Я напомнил о письме.
– Ах да, письмо! – сказал он с ноткой упрека в голосе. – Я вас давно жду и считаю, что в нем заключается важное сообщение, хотя я сам не знаю его содержания.
Я объяснил ему причины моего долгого отсутствия. Все еще продолжая выражать своим видом легкий упрек, он выбрал ключ из большого количества лежавших на столе, открыл один из двух больших сундуков, занимавших угол комнаты, и, вынув оттуда одно довольно большого размера письмо, с поклоном передал его мне. К своему изумлению, я увидел, что оно было адресовано мне моим отцом: «Моему сыну Блезу де Брео, когда ему исполнится 25 лет».
Первым моим побуждением было сейчас же сломать печать и тут же ознакомиться с его содержанием; но вторая, более хладнокровная мысль убедила меня, что лучше прочитать письмо после. Поблагодарив Роланда за его аккуратное ведение моих дел, я намеревался уже уйти, когда он сообщил мне, что мои арендаторы продолжали в мое отсутствие платить арендную плату и что, за вычетом всех расходов, мне причитается некоторая сумма. Я еще раз поблагодарил его и просил пока оставить деньги у себя, так как я еще имел значительную часть той суммы, которую я получил на «Донне Марии».

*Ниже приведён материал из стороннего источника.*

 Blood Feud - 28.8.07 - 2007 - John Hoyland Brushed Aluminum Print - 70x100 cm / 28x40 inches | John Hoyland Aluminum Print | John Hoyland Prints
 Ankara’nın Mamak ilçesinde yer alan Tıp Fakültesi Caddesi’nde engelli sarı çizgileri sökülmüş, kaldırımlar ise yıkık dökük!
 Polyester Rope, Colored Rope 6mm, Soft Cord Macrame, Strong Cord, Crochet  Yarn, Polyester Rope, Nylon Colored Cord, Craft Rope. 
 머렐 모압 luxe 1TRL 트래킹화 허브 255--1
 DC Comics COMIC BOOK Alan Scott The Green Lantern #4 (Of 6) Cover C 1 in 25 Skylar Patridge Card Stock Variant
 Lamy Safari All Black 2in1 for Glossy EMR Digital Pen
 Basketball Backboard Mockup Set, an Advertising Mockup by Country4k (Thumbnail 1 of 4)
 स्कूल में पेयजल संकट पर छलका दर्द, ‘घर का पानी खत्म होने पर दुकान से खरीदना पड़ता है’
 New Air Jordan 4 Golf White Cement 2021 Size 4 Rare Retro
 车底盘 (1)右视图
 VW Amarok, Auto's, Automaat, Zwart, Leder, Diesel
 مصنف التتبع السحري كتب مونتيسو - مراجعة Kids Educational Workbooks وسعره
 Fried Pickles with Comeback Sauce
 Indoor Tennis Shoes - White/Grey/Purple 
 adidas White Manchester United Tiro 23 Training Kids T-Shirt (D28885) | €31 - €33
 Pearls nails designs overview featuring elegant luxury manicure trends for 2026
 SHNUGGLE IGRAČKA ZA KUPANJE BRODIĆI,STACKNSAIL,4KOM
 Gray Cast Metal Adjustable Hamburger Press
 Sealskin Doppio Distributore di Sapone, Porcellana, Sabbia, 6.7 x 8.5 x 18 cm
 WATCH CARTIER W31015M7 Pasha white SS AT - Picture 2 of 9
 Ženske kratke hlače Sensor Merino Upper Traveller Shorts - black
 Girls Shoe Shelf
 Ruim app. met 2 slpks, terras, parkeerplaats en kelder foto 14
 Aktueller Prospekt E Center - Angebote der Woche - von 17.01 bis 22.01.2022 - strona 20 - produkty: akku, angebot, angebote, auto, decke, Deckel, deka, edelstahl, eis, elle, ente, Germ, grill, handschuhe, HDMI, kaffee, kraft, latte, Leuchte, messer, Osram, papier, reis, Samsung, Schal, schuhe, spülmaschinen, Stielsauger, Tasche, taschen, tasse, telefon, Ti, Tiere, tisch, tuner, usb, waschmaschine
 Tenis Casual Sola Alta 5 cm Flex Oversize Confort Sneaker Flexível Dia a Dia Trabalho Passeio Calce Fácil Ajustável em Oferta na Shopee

Проехав около двух лье по направлению к дому, я остановился, привязал лошадь к дереву и, сев у края дороги, стал читать письмо отца.
День был яркий и теплый. Солнце приятно грело мою спину, когда я здесь сидел и слушал – так мне казалось – голос горячо любимого человека.
Письмо было датировано за четыре дня до смерти моего отца; я припомнил, что в это время он ездил в По. После возвращения он слег в постель, чтобы уже больше не подниматься. Глаза мои наполнились слезами при мысли о нем.
В письме было написано следующее:
«Мой любимый сын!
Уверенный в близкой смерти, я пишу это письмо. Я должен тебе сообщить об очень важном, от чего до сих пор считал благоразумным, по разным причинам, воздержаться. Но все по порядку. Я считаю необходимым, чтобы с самого начала для тебя было все ясно, поэтому я раньше расскажу, каким образом сокровища Беннони оказались в моем владении».
Можете себе представить мое изумление при чтении этих слов. Мгновенно я увидел перед собою прогалину в лесу и свирепое лицо жирного Мишеля; я почувствовал прикосновение шнура к моим вискам. Я торопливо снова принялся читать со все возрастающим изумлением.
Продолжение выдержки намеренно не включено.